NVIDIA showed images of its Vera Rubin superchip system at GTC in Washington, D.C., presenting the first clear view of a two‑GPU Rubin assembly paired with a single Vera CPU in one package. The company quoted performance targets of roughly 50 petaFLOPS of FP4 compute per Rubin GPU, yielding about 100 petaFLOPS FP4 for the two‑GPU Superchip. NVIDIA said engineering samples are already in labs and set mass production goals for 2026 with broader shipments and deployments into 2027.
The pictures and brief specifications suggest each Rubin GPU integrates two reticle‑sized compute chiplets, potentially around 2 x 830 mm², paired with eight HBM4 stacks. That configuration delivers about 288 GB of HBM4 per Rubin GPU and roughly 576 GB of HBM4 on the full Superchip. The board also includes SOCAMM2 LPDDR5X modules to provide large, low‑latency system memory, and older briefings referenced roughly 1.5 TB of LPDDR5X per Vera CPU on typical trays.
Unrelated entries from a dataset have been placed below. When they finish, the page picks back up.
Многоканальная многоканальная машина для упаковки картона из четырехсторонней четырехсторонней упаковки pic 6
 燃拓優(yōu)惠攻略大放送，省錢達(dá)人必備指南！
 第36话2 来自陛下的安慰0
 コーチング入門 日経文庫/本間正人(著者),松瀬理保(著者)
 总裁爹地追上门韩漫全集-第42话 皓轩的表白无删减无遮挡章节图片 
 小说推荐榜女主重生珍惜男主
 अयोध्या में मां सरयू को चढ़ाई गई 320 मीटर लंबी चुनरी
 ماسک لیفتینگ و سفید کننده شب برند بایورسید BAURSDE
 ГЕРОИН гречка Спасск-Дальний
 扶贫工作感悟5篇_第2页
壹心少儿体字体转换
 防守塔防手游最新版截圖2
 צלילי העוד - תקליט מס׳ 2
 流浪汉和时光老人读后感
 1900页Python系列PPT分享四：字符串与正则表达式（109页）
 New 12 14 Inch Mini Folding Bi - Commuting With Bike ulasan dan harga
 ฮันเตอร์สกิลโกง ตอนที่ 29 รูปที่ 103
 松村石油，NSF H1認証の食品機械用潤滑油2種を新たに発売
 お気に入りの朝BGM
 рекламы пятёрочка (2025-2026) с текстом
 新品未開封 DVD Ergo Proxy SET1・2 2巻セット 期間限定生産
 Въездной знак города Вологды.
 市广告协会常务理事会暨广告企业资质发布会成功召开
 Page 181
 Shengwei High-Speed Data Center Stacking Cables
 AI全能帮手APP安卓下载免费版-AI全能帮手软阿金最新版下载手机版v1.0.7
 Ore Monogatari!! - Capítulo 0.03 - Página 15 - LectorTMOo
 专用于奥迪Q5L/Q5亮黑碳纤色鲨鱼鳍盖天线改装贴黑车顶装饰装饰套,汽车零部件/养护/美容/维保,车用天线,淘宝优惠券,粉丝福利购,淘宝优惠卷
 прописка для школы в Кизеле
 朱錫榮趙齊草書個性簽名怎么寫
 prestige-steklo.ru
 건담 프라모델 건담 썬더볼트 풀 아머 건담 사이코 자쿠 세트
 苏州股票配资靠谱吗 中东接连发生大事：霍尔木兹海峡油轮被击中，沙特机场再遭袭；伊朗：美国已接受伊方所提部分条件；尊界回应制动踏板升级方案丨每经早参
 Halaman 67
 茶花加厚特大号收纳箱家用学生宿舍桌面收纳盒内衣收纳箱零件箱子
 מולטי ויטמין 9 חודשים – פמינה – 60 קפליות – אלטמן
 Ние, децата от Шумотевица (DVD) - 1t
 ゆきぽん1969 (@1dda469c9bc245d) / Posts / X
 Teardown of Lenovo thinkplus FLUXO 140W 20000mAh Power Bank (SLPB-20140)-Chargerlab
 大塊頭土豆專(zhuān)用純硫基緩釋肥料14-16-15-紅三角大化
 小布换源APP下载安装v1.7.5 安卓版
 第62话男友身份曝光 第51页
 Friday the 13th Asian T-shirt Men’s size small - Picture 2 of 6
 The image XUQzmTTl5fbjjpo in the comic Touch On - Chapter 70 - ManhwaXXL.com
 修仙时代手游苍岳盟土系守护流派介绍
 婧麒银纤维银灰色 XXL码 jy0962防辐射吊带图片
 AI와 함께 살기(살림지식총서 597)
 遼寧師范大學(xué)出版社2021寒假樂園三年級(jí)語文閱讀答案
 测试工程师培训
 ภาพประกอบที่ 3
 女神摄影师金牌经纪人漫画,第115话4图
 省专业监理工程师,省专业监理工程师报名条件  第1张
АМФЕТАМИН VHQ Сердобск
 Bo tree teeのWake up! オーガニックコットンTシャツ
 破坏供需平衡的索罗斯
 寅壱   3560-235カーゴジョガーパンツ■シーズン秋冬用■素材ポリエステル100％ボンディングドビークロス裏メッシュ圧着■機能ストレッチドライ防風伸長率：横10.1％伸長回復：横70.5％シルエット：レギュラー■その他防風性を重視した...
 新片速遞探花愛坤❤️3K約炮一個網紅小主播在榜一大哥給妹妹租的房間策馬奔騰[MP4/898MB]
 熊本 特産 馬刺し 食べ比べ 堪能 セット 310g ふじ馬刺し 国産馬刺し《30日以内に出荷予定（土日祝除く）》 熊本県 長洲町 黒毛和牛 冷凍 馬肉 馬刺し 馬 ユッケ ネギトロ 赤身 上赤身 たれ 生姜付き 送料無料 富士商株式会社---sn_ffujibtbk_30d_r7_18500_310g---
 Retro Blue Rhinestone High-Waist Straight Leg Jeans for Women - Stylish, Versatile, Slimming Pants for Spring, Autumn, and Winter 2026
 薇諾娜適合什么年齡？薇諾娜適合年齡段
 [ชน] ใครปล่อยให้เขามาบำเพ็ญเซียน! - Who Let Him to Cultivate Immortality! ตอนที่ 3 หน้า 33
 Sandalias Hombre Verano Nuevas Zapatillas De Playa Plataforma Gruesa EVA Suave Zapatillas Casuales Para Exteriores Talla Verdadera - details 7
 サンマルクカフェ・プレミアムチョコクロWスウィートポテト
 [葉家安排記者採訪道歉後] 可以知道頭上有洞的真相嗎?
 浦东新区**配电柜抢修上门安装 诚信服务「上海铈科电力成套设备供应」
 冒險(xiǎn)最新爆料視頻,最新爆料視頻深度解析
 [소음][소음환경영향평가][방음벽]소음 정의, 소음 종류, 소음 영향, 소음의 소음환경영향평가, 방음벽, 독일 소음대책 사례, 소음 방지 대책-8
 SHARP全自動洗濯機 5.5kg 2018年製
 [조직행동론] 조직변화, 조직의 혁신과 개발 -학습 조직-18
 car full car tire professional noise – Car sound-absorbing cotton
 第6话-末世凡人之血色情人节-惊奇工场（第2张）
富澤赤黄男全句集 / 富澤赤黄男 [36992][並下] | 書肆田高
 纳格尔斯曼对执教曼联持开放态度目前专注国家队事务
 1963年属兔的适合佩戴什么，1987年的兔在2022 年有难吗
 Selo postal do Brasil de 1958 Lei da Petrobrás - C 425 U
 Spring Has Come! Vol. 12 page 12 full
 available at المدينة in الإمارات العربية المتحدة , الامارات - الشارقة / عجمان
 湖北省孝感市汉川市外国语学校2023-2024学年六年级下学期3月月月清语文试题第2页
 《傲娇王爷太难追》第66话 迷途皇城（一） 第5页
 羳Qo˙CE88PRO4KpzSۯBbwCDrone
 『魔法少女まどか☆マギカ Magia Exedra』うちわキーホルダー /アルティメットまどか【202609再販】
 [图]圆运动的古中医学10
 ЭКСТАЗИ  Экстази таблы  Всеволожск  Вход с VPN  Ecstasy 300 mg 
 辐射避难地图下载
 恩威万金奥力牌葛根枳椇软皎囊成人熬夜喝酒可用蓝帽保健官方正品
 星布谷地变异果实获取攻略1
The Vera CPU is described as an 88‑core, 176‑thread Arm‑based custom design and shows signs of a multi‑chiplet layout with a distinct I/O chiplet nearby. NVIDIA contrasted this approach with Grace, where the company had relied on Arm’s Neoverse designs, noting that with Vera the team developed the CPU core in‑house to extract maximum performance. The package appears intended to optimize tight CPU‑to‑GPU coupling for demanding workloads.
Interconnect and system bandwidth were highlighted as critical to the design. NVLink bandwidth climbs to approximately 1.8 TB/s to sustain heavy CPU‑to‑GPU traffic for system‑demanding tasks such as Artificial Intelligence inference and training. The combination of large HBM4 capacity, substantial LPDDR5X system memory, and a high‑bandwidth NVLink fabric positions the Vera Rubin superchip as a platform aimed at next‑generation data center deployments when broader shipments begin around 2027.